Getting to the truth of a Budget is far easier under George Osborne’s new system. His creation, the Office for Budget Responsibility, now writes its own report  (pdf here) and it’s like having your own mole in the Treasury flag up what the Chancellor would rather gloss over*. I read its report over the weekend – it’s too rich a document to skim on Budget day. I found a few charts that CoffeeHousers may be interested in.

The graphs are all about Osborne’s decision to defer tough decisions – what James Forsyth brilliantly called his Saint Augustine tendency: give me fiscal discipline, Oh Lord – but not yet. Osborne’s glacial progress on cutting total state spending and his decision to abandon his 2010 debt reduction target (see my earlier blog on six scary graphs) will mean we’ll be spending £75bn on debt interest – way more than education or defence. This has produced the above graph on core government spending – one that that looks so radical as to be incredible.

1. Government consumption (as a share of GDP) falls to the lowest level since records began in 1948.  This is the graph above, OBR Chart 3.39. And its implications? Here’s Michael Saunders from Citi (pdf):-

The post-2015 squeeze in the current plans would probably require a major reduction of the size and role of the state, well beyond the measures implemented so far. Within the current coalition, the Lib Dems may be reluctant to go along with such a plan”.

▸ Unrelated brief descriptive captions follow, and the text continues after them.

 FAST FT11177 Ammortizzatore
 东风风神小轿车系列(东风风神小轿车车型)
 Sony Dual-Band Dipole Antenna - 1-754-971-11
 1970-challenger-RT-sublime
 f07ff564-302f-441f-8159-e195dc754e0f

His point: don’t expect Labour to implement the kind of pain that Osborne shied away from. Don’t expect the LibDems to sign up to it in a future coalition. And given that the chances of a Tory majority are slim, should we expect anyone to do it? Or should we just expect a new fiscal crisis?

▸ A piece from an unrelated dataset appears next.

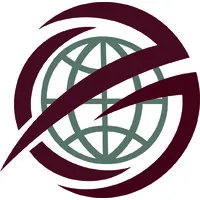 GregoryEdwards, LLC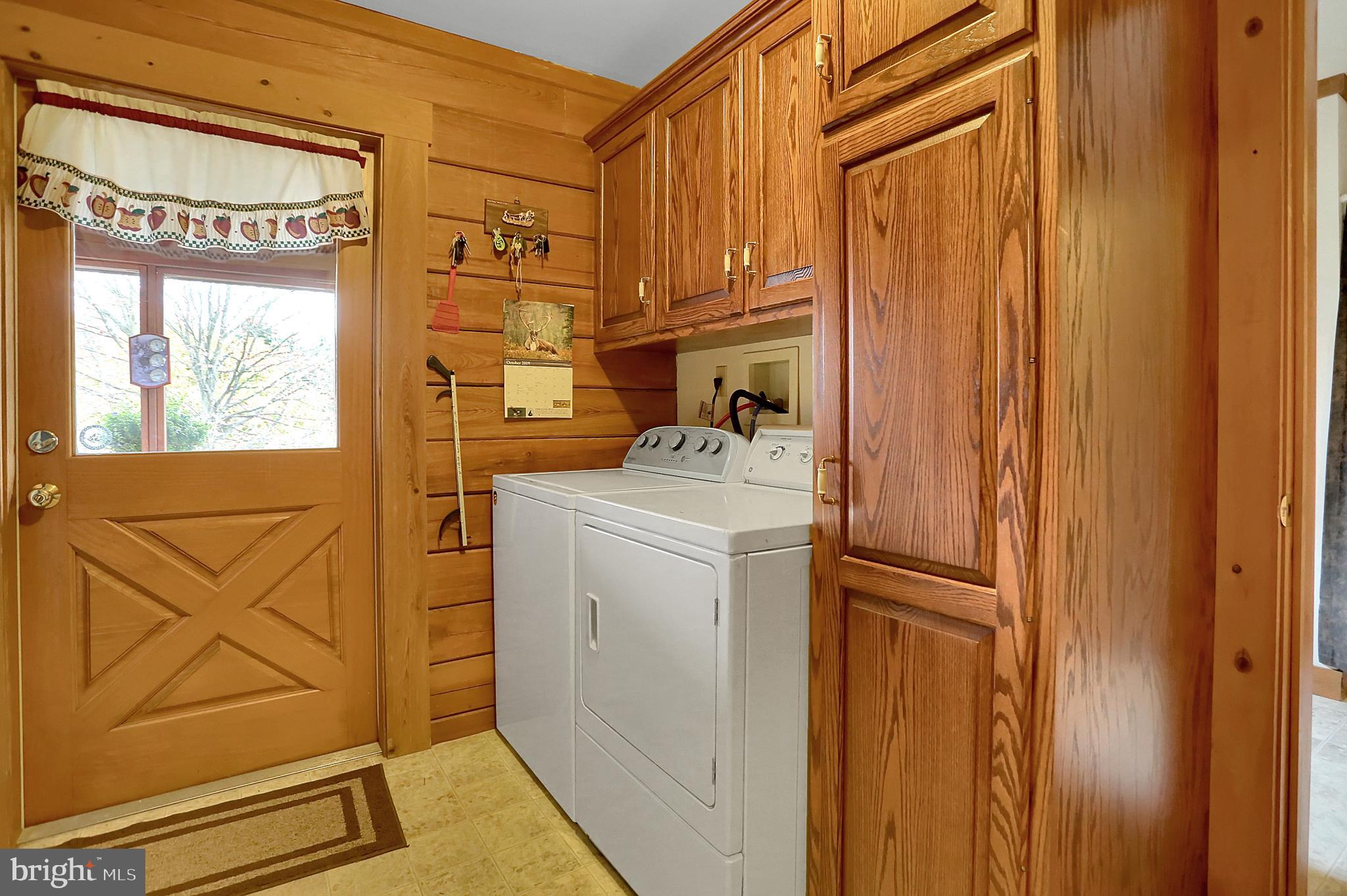 54 Midway Road Bethel, PA 19507 - Photo 22 of 46 Gallery Image 22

We’re all in favour of small government at the Spectator. But the graph is scary because it suggests that the years 2015-20 are being used as dumping ground, for problems deemed too difficult to solve in 2010-15. A crisis deferred, rather than a crisis addressed.

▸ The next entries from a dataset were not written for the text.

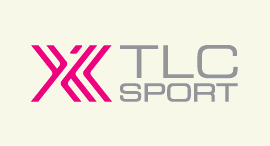 Tlcsport.co.uk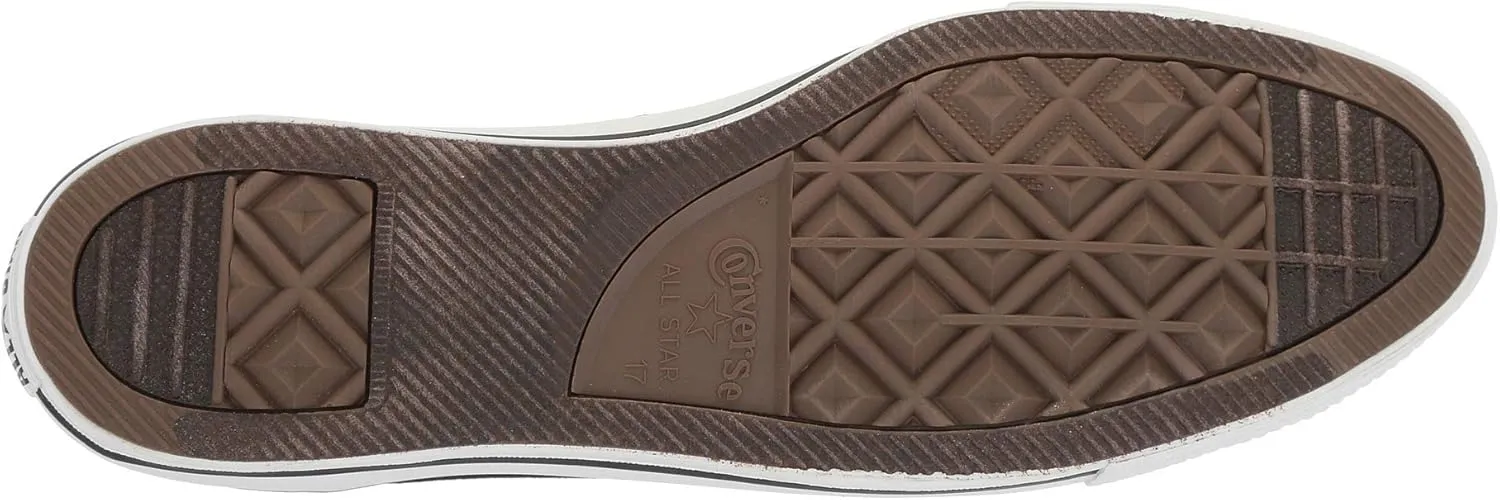 Converse Men's Low-Top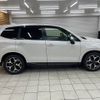 subaru forester 2015 -SUBARU--Forester DBA-SJ5--SJ5-073595---SUBARU--Forester DBA-SJ5--SJ5-073595- image 18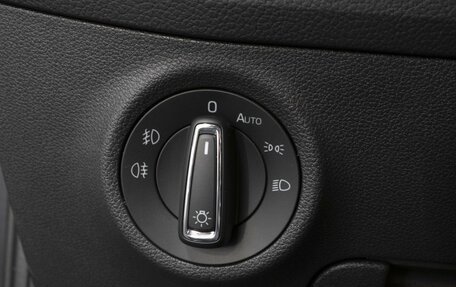 Skoda Kodiaq I, 2021 год, 3 675 000 рублей, 19 фотография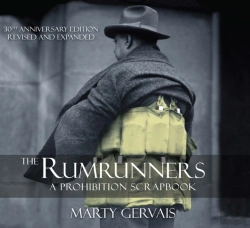 Bertrand.pt - The Rumrunners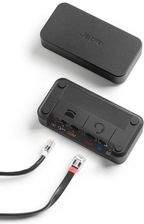 Gn Netcom Jabra EHS Adapter Avaya 14201-20,
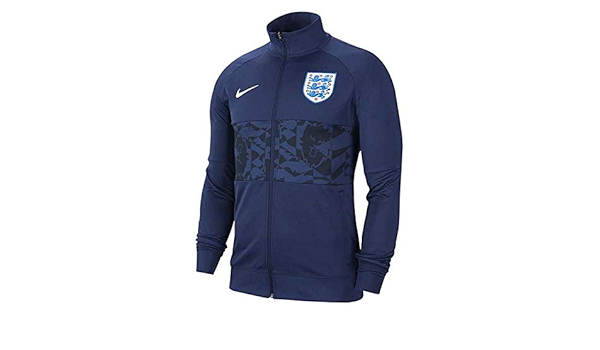 england anthem jacket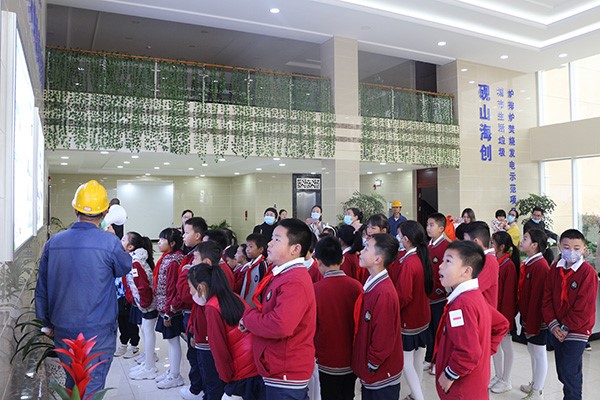 1603778999357331.jpg 1.jpg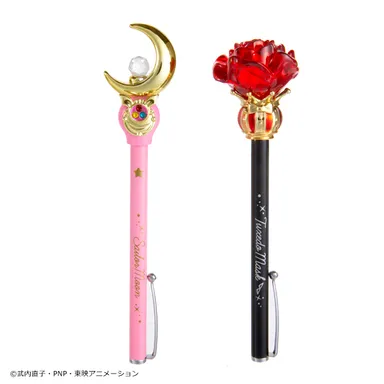 うさぎ＆衛セット(2)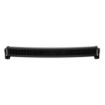 Picture of 30 Inch Spot Midnight RDS-Series Pro RIGID Industries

2. Dumping the agony on 2015-20. Am I unfair in suggesting that Osborne has ducked tough choices now? Here’s my second graph, from Citi’s Saunders. He has spotted that, with each Budget, more pain is deferred. How much more? The below graph shows, in red, the work that Osborne plans to be done by whoever is Chancellor between 2015-20. The green is the amount of pain he plans pre-election – which seems to shrink all the time…

Screen Shot 2014-03-23 at 20.12.25

3. After health, what’s left? Remember, promises have been made about keeping the NHS as expensive as it is now (or ‘protecting’ its budget). Promises have been made to increase overseas aid. And promises to the people to whom we’ll be repaying all that debt. So what does that leave?

Osborne hasn’t said, he’s in no rush to spell out his post-2015 spending plans. But, deliciously, the OBR has pieced it together anyway and forecast the mother of all squeezes on unprotected departments – the political soft targets like defence, police, prisons etc. I suspect that whoever threw this graph into the OBR report was politely trying to point out that protecting NHS budget, when the mega-squeeze begins in 2015, is just not tenable. It means health goes from 29pc of departmental spending to about 45pc.

Screen Shot 2014-03-23 at 20.20.19

*The OBR still has defects: it has little faith in supply-side economics, and it fails to analyse the (radical) implications of monetary policy, which is where the action is actually happening under this government. When Robert Chote was appointed to run it, my heart sank: he was from the Institute for Fiscal Studies and I feared he’d bring with him its biases (no interest in dynamic tax scoring, overseas tax-cutting experiments or even domestic ones). But Chote, a former journalist, is first and foremost an awkward git. I mean that as a high compliment. So his OBR document is choc-full of important facts that the Treasury are in no rush to tell us. Long may this continue.